= Ernie Earnshaw =

American drummer

Ernie Earnshaw is a musician and recording artist. He began playing drums with the Royale Monarchs. The Monarchs were a popular surf-band of the 1960s, at the Bob Eubanks Cinnamon Cinder night clubs, in Los Angeles and performed on Sam Riddell's Ninth St. West Dance Program. Producer Gary Usher signed the new reformed group The Forte' Four to a recording contract at Decca Records. Two singles were released without much fanfare, and when The Forte IV broke up, Ernie met and auditioned for Six the Hard Way, a group of three singers and three pieces which went on the road and stayed there through 1967. When Six the Hard Way broke up, Ernie and Chuck Girard went back to Pasadena where Chuck started writing, and eventually Chuck Girard, Jack Schaeffer, Ernie and a couple of Chuck's friends recorded two demos, "Feel the Love" and "Enchanted Forest." These were the beginnings of what many consider the first Christian Rock group. Earnshaw left this band in the spring of 1968, joining BigFoot, which became Bill Medley's band in the summer of 1970.

At the end of that year, the gig with Bill Medley dried up, so Earnshaw loaded his VW Beetle and headed north. In the spring of 1971, he joined a band in the act of making their debut album. They were The Wackers, a band that had grown out of a songwriting partnership consisting of Bob Segarini and Randy Bishop, late of the band, Roxy. Based in Eureka California, where they'd encountered Michael Stull, with his baritone voice and Rickenbacker "Double Six," and William "Kootch" Trochim on bass. The Wackers played local clubs and did the occasional live unplugged show on various radio stations. In 1972, The Wackers moved to Montreal, Quebec and became very popular by playing many high-school and college dances.

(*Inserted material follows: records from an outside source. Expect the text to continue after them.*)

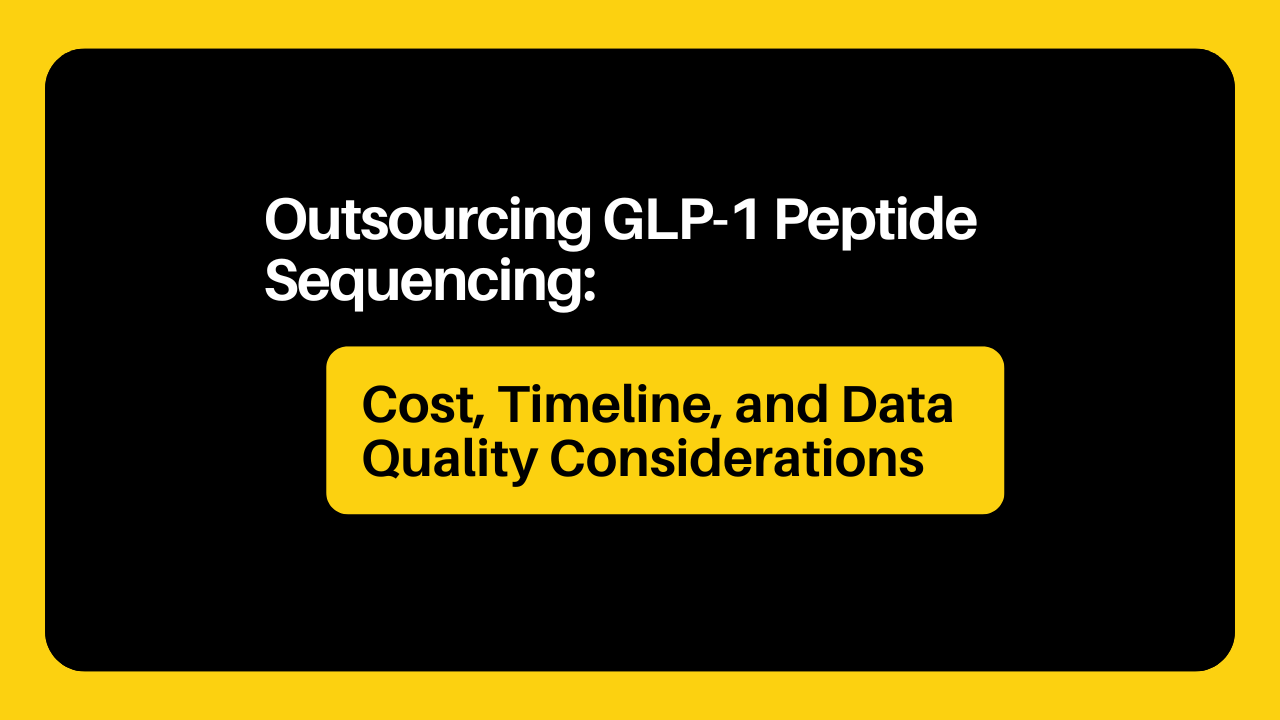 Outsourcing GLP-1 Peptide Sequencing: Cost, Timeline, and Data Quality Considerations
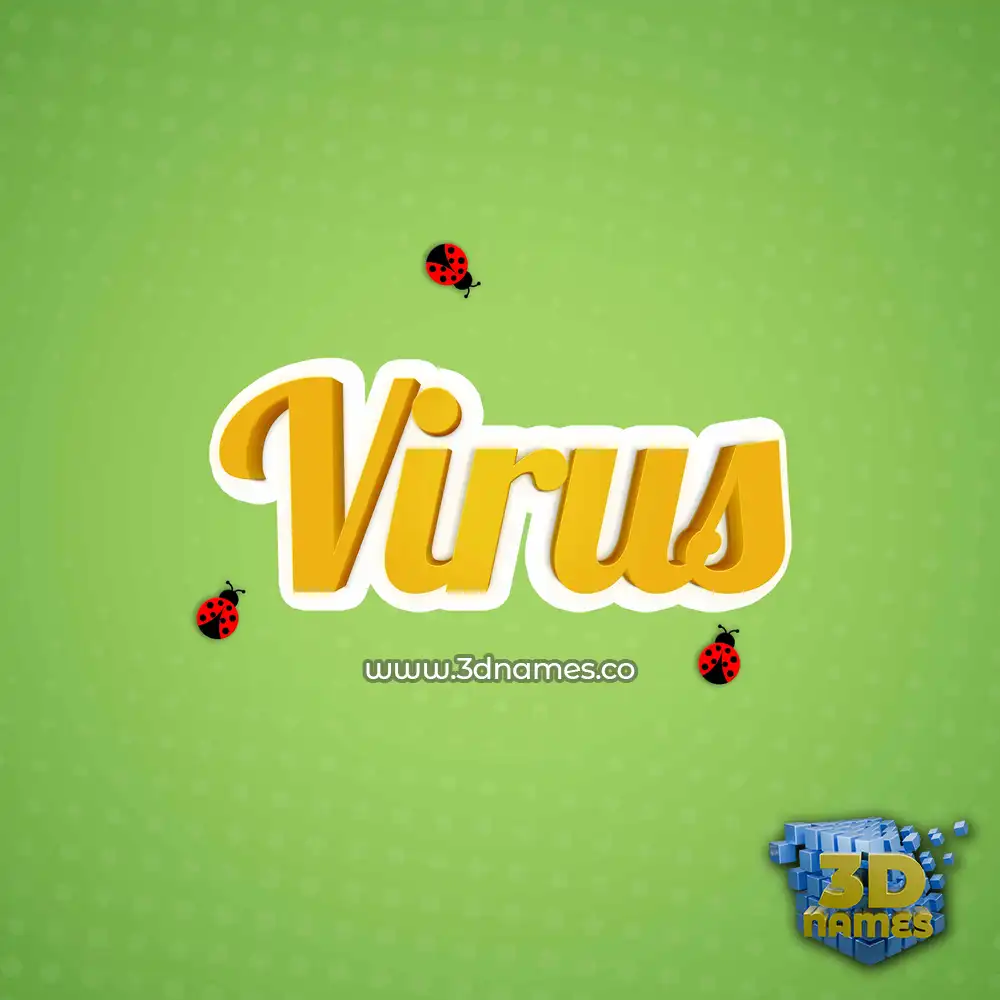 virus in Ladybugs style - 3D name wallpaper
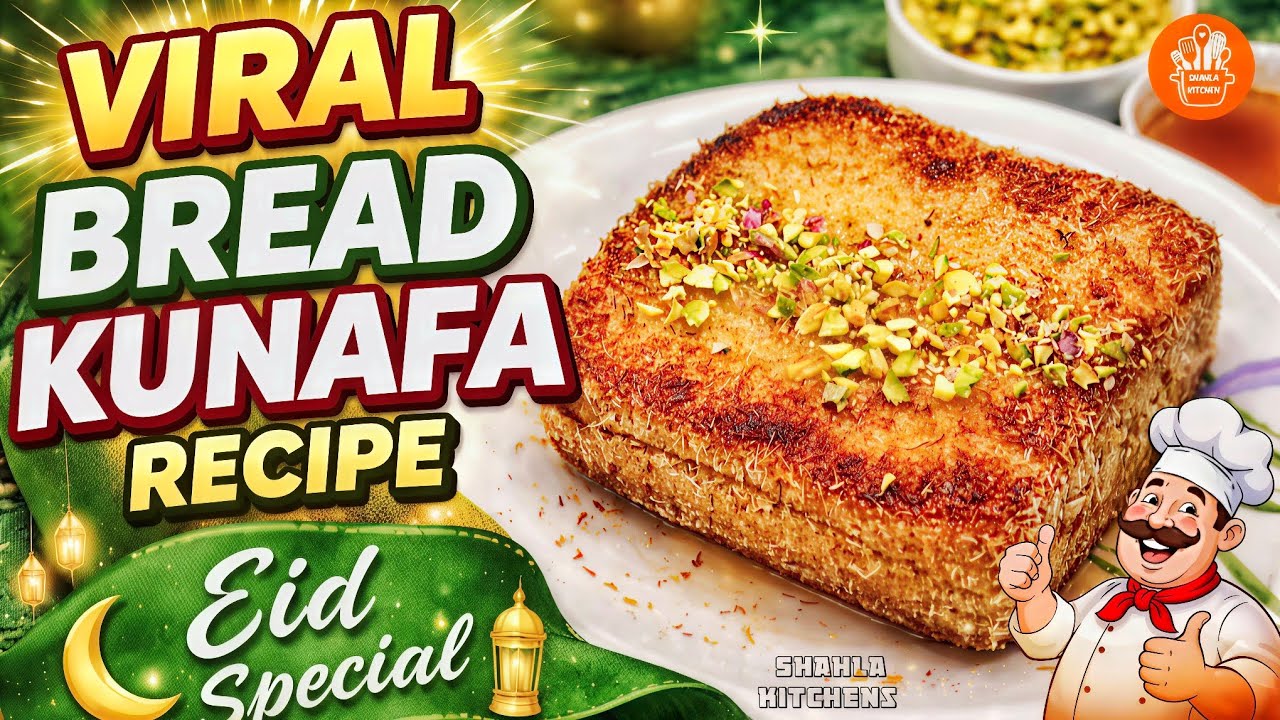 Viral Bread Kunafa Recipe Eid special 2026 @ShahlaKitchen777 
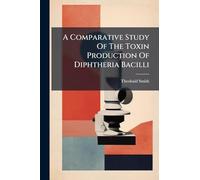 A Comparative Study Of The Toxin Production Of Diphtheria Bacilli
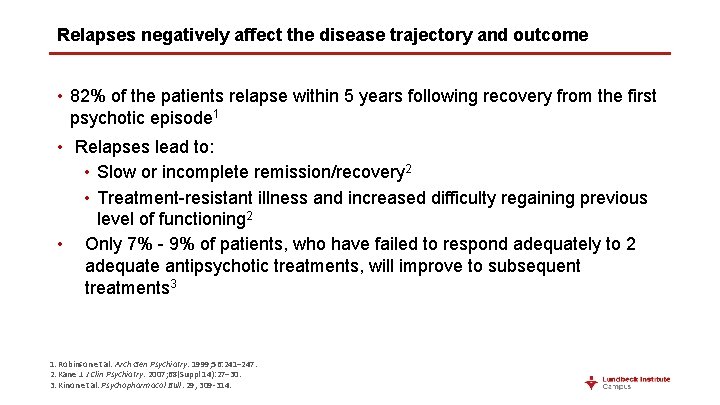 Relapses negatively affect the disease trajectory and outcome • 82% of the patients relapse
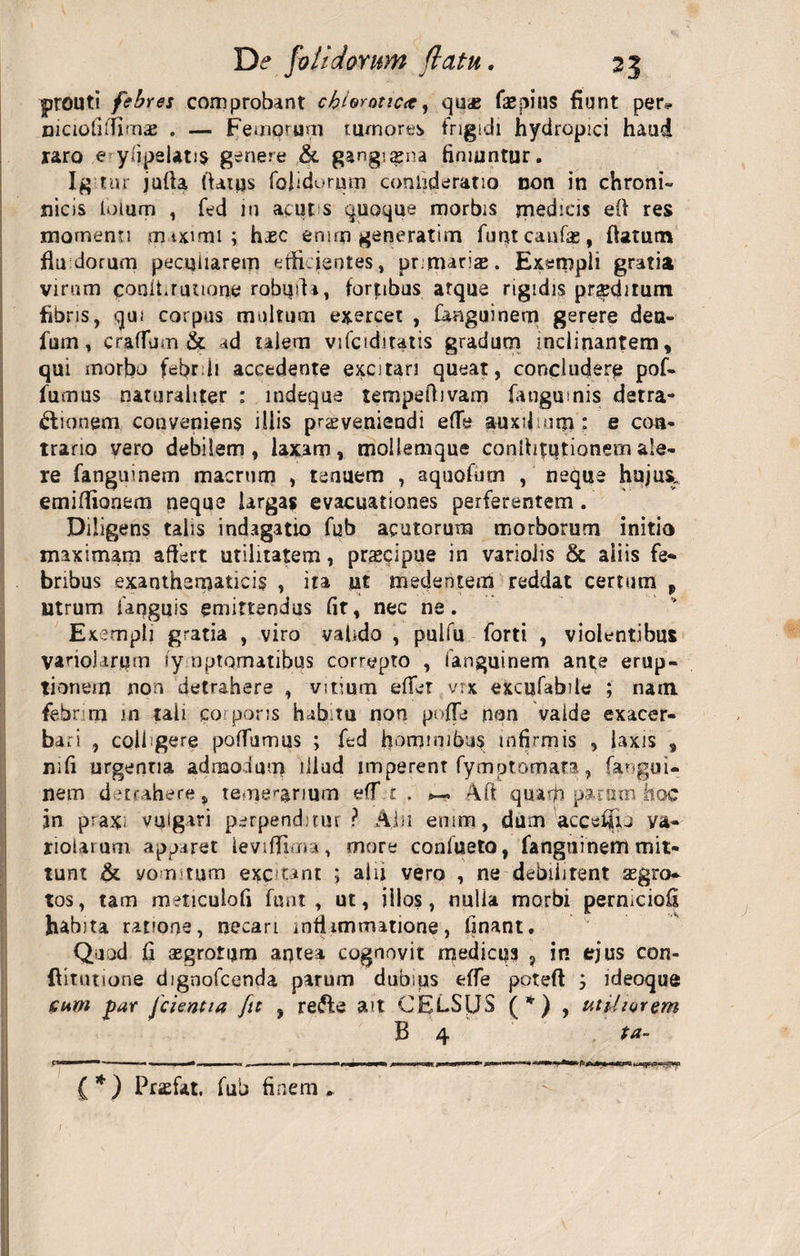 prouti febres comprobant cbloroticre^ qu&lt;c faepins fiunt per* niciofitfimae . — Femorum tumores frigidi hydropici haud raro e y/ipelati$ genere &amp; gangraena finiuntur. Igtur jufla flatus folidorntn cooiideratio non in chroni- nicis loiurn , fed in acut s quoque morbis medicis efi res momenti maximi ; hjec enim generatim funt caufa , flatum fluidorum peculiarem efficientes, primarias. Exempli gratia virum conlLruuone robi|fii, foribus atque rigidis proditum fibris, qui corpus multum exercet , fanguinern gerere deu- fum, craffum &amp; ad talem vifciditatis gradum inclinantem, qui morbo febr ii accedente excitari queat, concludere pof- fumus naturaliter : mdeque tempeflivam fangmnis detra¬ ctionem conveniens illis proveniendi efTe auxilium : e con¬ trario vero debilem, laxam, tnoflemque conflictionemale¬ re fanguinem macrum , tenuem , aquofum , neque hujus, emiffionem neque largas evacuationes perferentem . Diligens talis indagatio fub acutorum morborum initio maximam affert utilitatem, praecipue in variolis &amp; aliis fe¬ bribus exanthematicis , ita ut tnedenterri reddat certum „ utrum faqguis emittendus fit, nec ne. Exempli gratia , viro valido , pulfu forti , violentibus vanol irum ly nptomatibus correpto , fanguinem ante erup¬ tionem non detrahere , vitium effer vrx excufabile ; nam febrim in tali corporis habitu non poffe non vaide exacer¬ bari , colfgere poffumus ; fed hominibus infirmis , laxis , mfi urgentia admodum illud imperent fymptomara, fangui¬ nem detrahere, temerarium eff £ . Aft quasfi parum hoc in prax- vulgari perpenditur ? A;hi enim, dum accefiu ya- nolarum apparet leviffima, more confueto, fanguinem mit¬ tunt &amp; vomitum excitant ; ai ii vero , ne debilitent aegro¬ tos , tam meticulofi funt, ut, illos, nulla morbi perniciofi habita ratione, necari infhmmatione, finant. Quod fi aegrotum antea cognovit medicus ? in ejus con- flitutione dignofeenda parum dubips effe poteft ideoque cum jpar Jcientia fit , reifte ait CELSUS (*) , utiliorem B 4 ta- £*) Praefat. fub finem.. ;
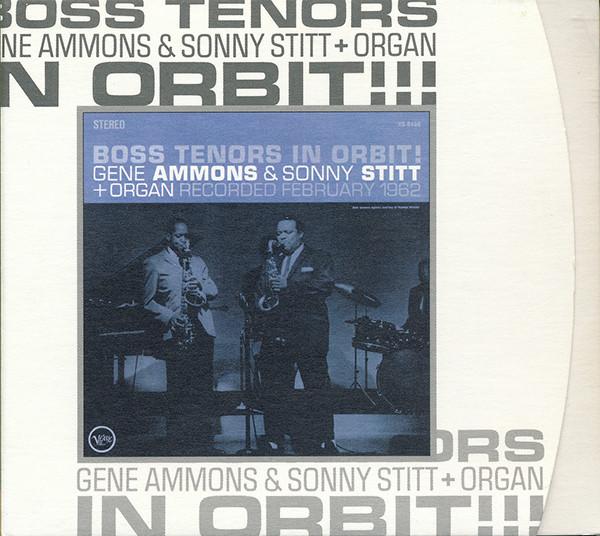 Gene Ammons, Sonny Stitt - Boss Tenors In Orbit!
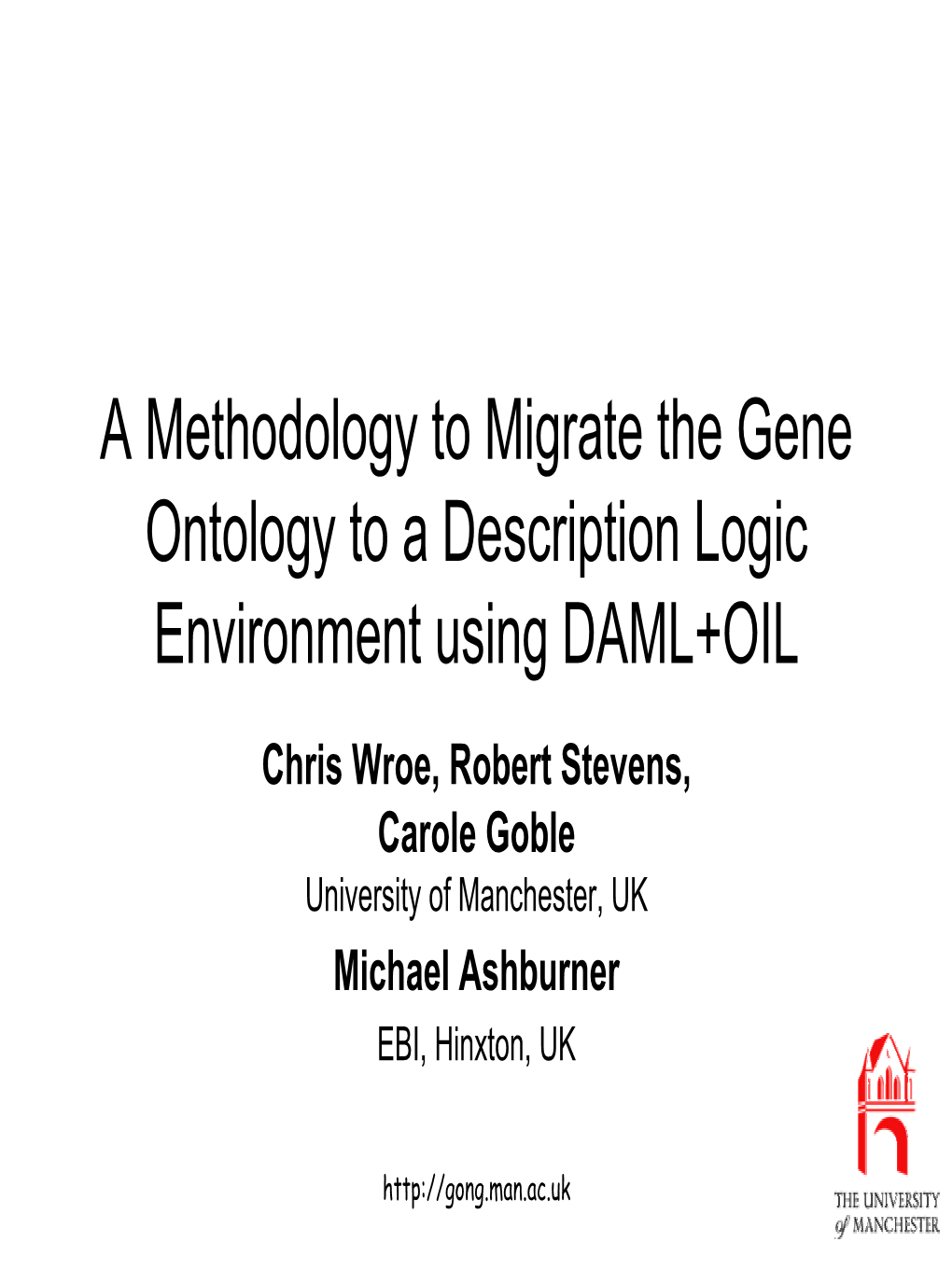 A Methodology to Migrate the Gene Ontology to a Description Logic Environment Using DAML+OIL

In the Fall of 1973, unrest and reorganization in the record business caused Elektra to drop many acts from their rosters. Earnshaw returned to Humboldt County and played steadily in nightclubs, street fairs, weddings and such. In addition Earnshaw played drums on several local recording projects, including albums and demos.

Earnshaw's most significant moments during this period were with Rolling Bob, featuring the vocalist, Larry Lampi, the Doug Marcum on guitars/vocals, and Ken Susan on bass/vocals. Formed in 1976, this band is still playing occasionally. On July 24, 2011 in Toronto, The Wackers strapped it on again with a 1 hour and 45 minute set, and sources report that the band "......like totally rawked, dude!"